# [ASSIGNED TASK]
Once the line containing "Woman sitting in" is found in the material below, it and every line after it should be transcribed exactly, with pictures left out and nothing added.

○ ○ ○ ○ ○ ○ ○

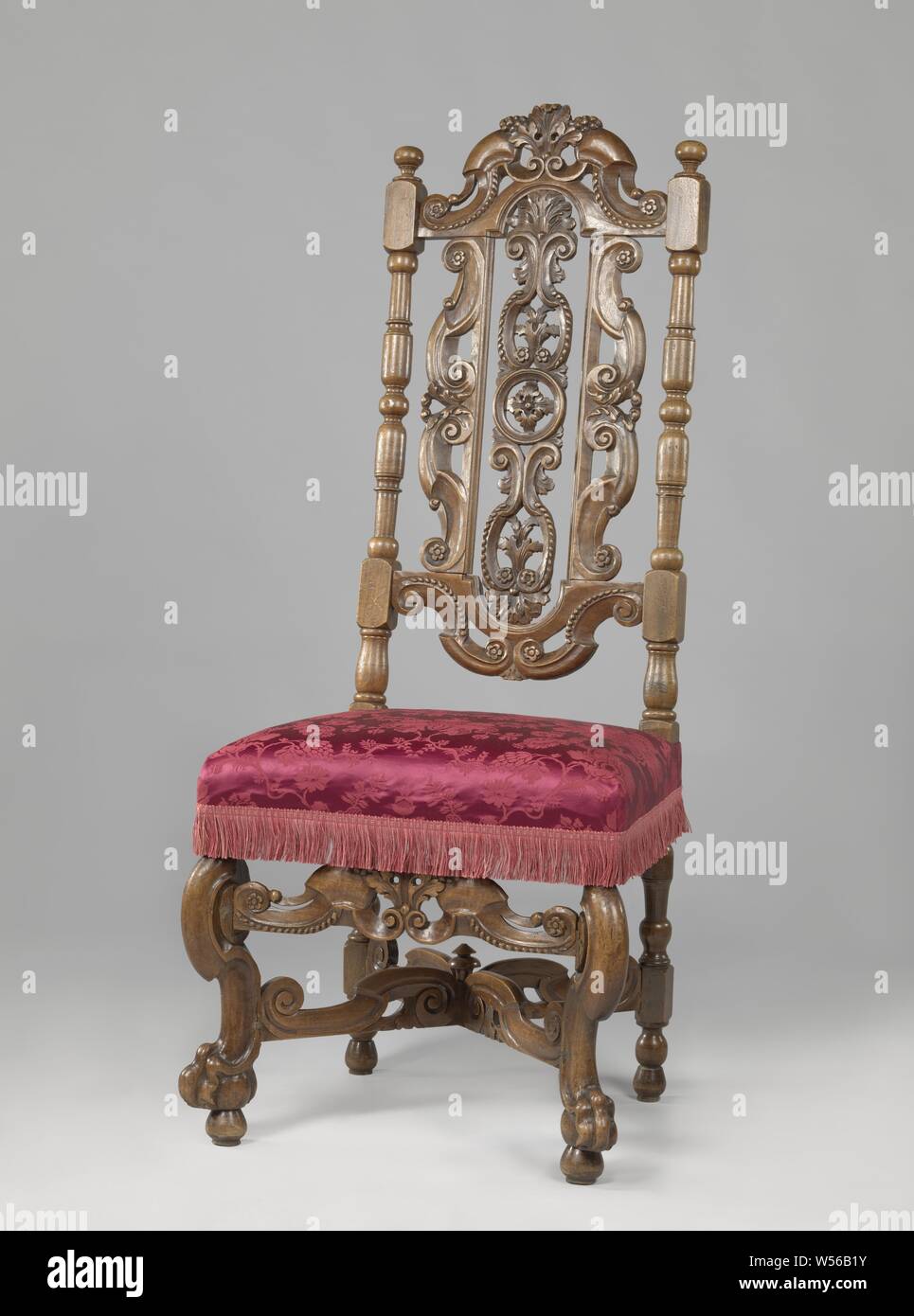 Chair with angled front legs, X-shaped cross, upholstered with flower pattern, Walnut chair, covered in bronze-colored pressed fabric flower pattern. The chair has angled front legs in the shape of broken S-volutes and rests on lion's claws that include spheres. The X-shaped cross has broken S-volutes, as well as the front cover. There is a button at the intersection. The high, open-worked back also shows S-volutes. The elongated center piece is decorated with circle and rosette in the middle and above and below with acanthus leaves and rosettes., anonymous, Netherlands, 1685 - 1700, walnut Stock Photo
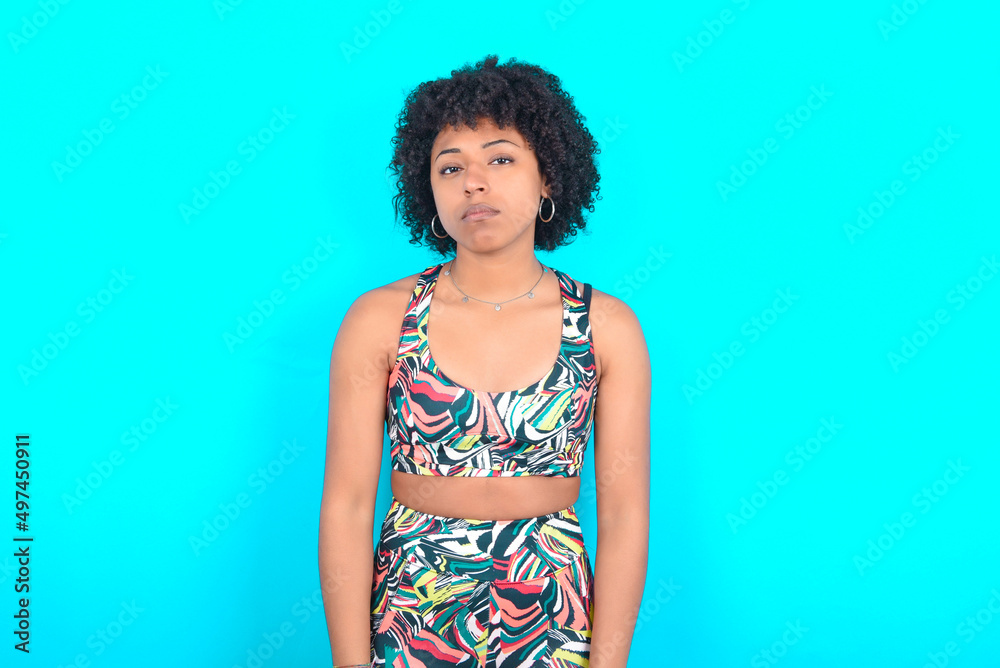 Gloomy, bored young woman with afro hairstyle in sportswear against blue background frowns face looking up, being upset with so much talking hands down, feels tired and wants to leave. Gloomy, bored young woman with afro hairstyle in sportswear against blue background frowns face looking up, being upset with so much talking hands down, feels tired and wants to leave.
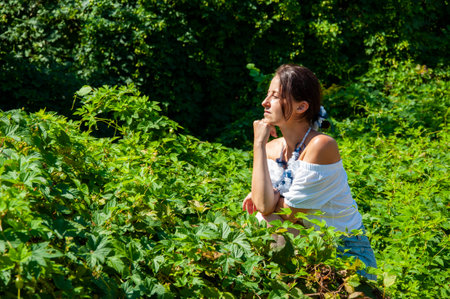 Woman sitting in lush green forest. Tropical beauty. Relaxation retreat. Young girl in pearl necklace, green white. Nature therapy. Copy space.の写真素材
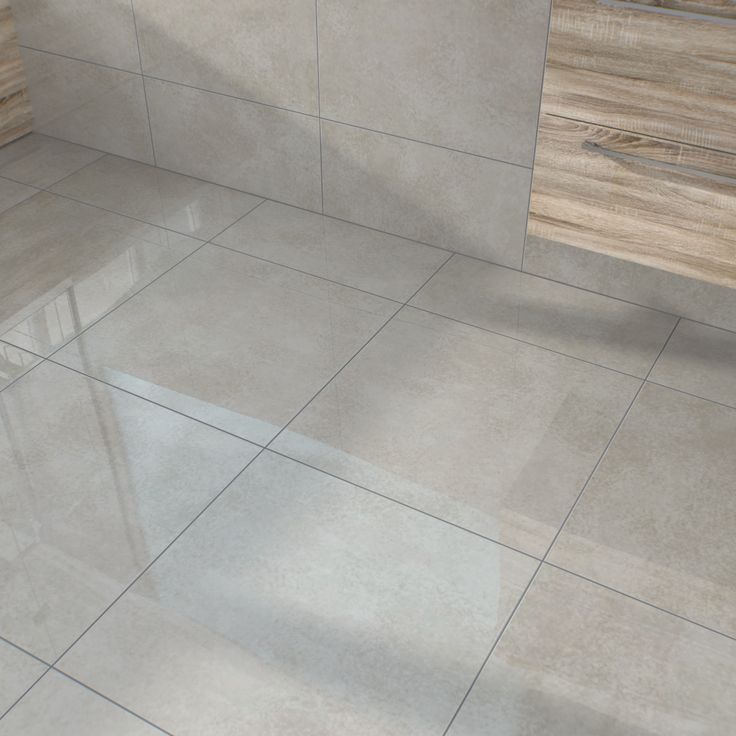 a bathroom with white tile and wooden cabinets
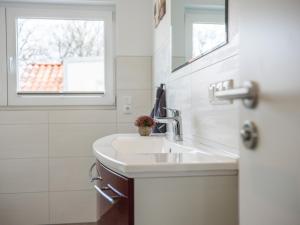 a bathroom with a sink and a window at Naturpark-5 Sterne Ferienhaus-Kamin-Sauna-See in Krakow am See +25 photos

○ ○ ○ ○ ○ ○ ○

# [SOLVED PROBLEM]
 Woman sitting in lush green forest. Tropical beauty. Relaxation retreat. Young girl in pearl necklace, green white. Nature therapy. Copy space.の写真素材
 a bathroom with white tile and wooden cabinets
 a bathroom with a sink and a window at Naturpark-5 Sterne Ferienhaus-Kamin-Sauna-See in Krakow am See +25 photos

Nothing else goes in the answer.